In 1888, Dewing’s technique and subject matter underwent a small but significant shift. Susan Hobbs notes that he “stopped producing imaginative subjects,” as anything not observed in his paintings dissolved into a dream-like mist. This dissolution was afforded by the change in his technique, including the adoption of loose brushwork and a tonalist palette. In 1890, Dewing met the Detroit collector Charles Lang Freer. Freer’s fortune was built on railroad-car fabrication, and a love of fine art had developed over a decade of collecting prints and, increasingly, artifacts of east Asia. His refined personality contrasted starkly with Dewing’s bombastic nature. By the 1890s, Freer had the wealth to acquire major pictures and a newly-constructed home to fill with them. He “plunged into collecting with a quiet desperation,” his private curator recalled [as quoted by Susan Hobbs in The Art of Thomas Wilmer Dewing: Beauty Reconfigured (1996), p. 18]. Dewing’s fiery personality, as well as his commitment to painting women, which Freer initially abjured, were apparently no barrier to their immediate, long-lasting, and friendly patronage relationship. Dewing, for his part, was profoundly grateful to meet “someone in the world so faithful to me and my art” [as quoted in http://www.asia.si.edu/explore/american/dewing.asp]. Dewing personally advised Freer in the decoration of his home, and, when the painter later fell on hard times, was buffeted by his employ as a buying agent for Japanese prints and objets d’art as well as prints by James Abbott McNeil Whistler.
The present work was executed in the decade between Dewing’s first encounter with Whistler and the loss of Dewing’s friend and erstwhile collaborator, Stanford White. The entry and exit of these two major personalities from Dewing’s life also delimit the height of his career: his mature style had solidified into a clear voice of beauty and decoration just as the Arts and Crafts moment was crystallizing in America. Dewing would continue to work through the next decades, but by the advent of modernism, at the turn of the century, he was at the height of his powers, and the full wind of critical opinion filled his sails.
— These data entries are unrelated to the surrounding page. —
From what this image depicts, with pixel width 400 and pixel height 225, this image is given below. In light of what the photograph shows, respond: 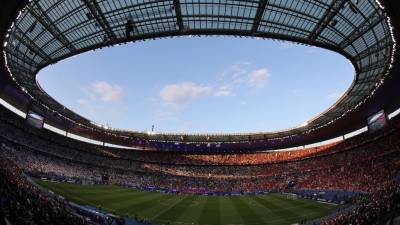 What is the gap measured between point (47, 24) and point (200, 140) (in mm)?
66819

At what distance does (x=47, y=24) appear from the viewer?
4019 centimetres

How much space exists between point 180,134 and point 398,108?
5456 cm

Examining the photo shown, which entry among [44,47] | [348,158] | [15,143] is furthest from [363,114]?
[15,143]

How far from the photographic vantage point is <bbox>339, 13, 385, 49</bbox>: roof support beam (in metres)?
35.6

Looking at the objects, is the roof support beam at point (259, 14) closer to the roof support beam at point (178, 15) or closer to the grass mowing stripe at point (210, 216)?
the roof support beam at point (178, 15)

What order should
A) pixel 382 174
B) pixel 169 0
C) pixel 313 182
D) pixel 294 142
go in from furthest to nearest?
pixel 294 142 < pixel 313 182 < pixel 382 174 < pixel 169 0

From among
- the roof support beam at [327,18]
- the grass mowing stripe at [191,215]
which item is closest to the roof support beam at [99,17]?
the grass mowing stripe at [191,215]

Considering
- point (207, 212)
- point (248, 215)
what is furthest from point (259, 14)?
point (207, 212)

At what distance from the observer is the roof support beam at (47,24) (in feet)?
119

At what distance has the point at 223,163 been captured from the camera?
338ft

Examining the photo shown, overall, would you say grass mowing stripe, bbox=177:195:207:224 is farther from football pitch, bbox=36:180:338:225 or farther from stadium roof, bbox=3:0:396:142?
stadium roof, bbox=3:0:396:142

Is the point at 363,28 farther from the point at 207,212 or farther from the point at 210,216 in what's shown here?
the point at 207,212

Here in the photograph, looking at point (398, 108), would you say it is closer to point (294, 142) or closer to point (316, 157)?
point (316, 157)

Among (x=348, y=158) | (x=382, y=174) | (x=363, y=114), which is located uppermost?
(x=363, y=114) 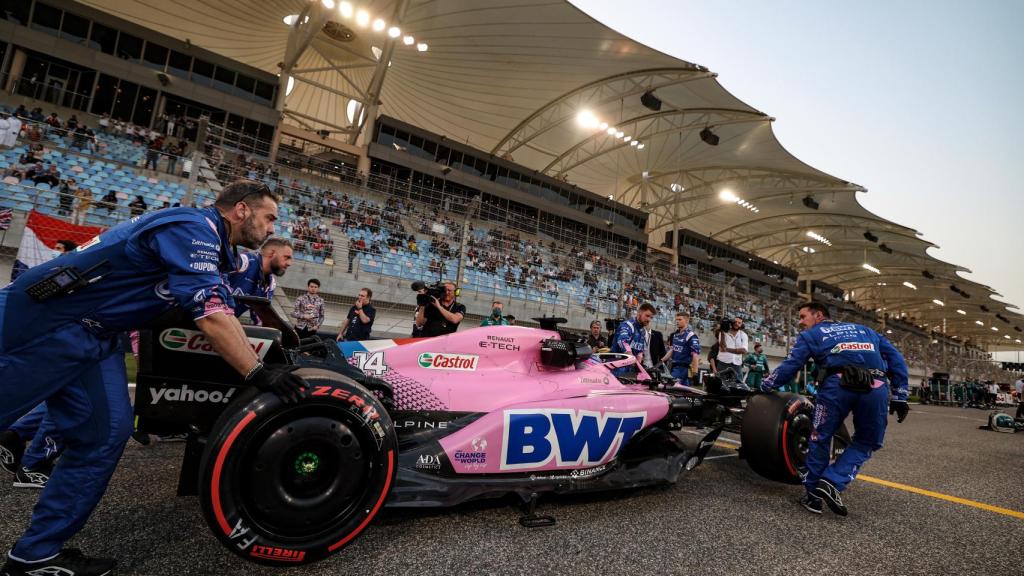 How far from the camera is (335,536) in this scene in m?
1.75

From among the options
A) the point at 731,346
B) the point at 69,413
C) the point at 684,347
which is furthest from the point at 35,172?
the point at 731,346

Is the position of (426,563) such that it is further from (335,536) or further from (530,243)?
(530,243)

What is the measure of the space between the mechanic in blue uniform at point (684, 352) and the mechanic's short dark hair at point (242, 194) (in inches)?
249

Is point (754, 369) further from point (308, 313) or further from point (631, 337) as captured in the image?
point (308, 313)

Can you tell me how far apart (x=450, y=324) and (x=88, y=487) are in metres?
3.95

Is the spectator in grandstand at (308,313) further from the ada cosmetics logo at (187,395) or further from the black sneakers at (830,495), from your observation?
the black sneakers at (830,495)

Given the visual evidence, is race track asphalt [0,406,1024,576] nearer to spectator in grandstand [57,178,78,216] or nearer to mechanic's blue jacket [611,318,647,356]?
mechanic's blue jacket [611,318,647,356]

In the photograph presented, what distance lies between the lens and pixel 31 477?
238cm

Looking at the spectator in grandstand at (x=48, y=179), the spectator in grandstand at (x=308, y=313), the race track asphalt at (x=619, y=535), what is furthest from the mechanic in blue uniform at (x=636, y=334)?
the spectator in grandstand at (x=48, y=179)

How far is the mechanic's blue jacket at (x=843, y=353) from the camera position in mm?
3410

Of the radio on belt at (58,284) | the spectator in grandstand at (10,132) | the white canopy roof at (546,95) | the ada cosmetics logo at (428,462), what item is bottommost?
the ada cosmetics logo at (428,462)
The present work is an excellent example from Dewing’s best years. The subject sits at table with a ceramic vase in a decorative arrangement of tones of grays and browns in careful harmony. The subject bears a strong resemblance to the model for 1905’s Portrait of a Girl (Freer Gallery of Art, Smithsonian Institution, Washington, D.C.). This resemblance may be coincidental, as Dewing was explicit in his remarks that a sitter was a point of departure for the true artist. He certainly moved from the particular sitter towards his own ideal of beauty. Whatever the woman’s identity, the plausible comparison highlights another source of inspiration common to both paintings: Johannes Vermeer. Vermeer’s glassy surfaces and soft interior light were emulated by other members of The Ten, but Dewing’s interest in the Dutch master was especially personal. Charles Freer put into Dewing’s hands several volumes of Cornelis Hofstede de Groot’s catalogue raisonne on Vermeer. Dewing’s paint application was too distant from Vermeer’s to fully complete the homage, but the American did adopt the use of certain Vermeer-esque props as well as a version of his soft domestic light. Portrait of a Girl is the height of Dewing’s admiration, and the present work, with its carefully modeled vase and table, exploits a similar technique. Woman Seated at Table constitutes a paradigm case of Dewing’s mature vision of feminine beauty.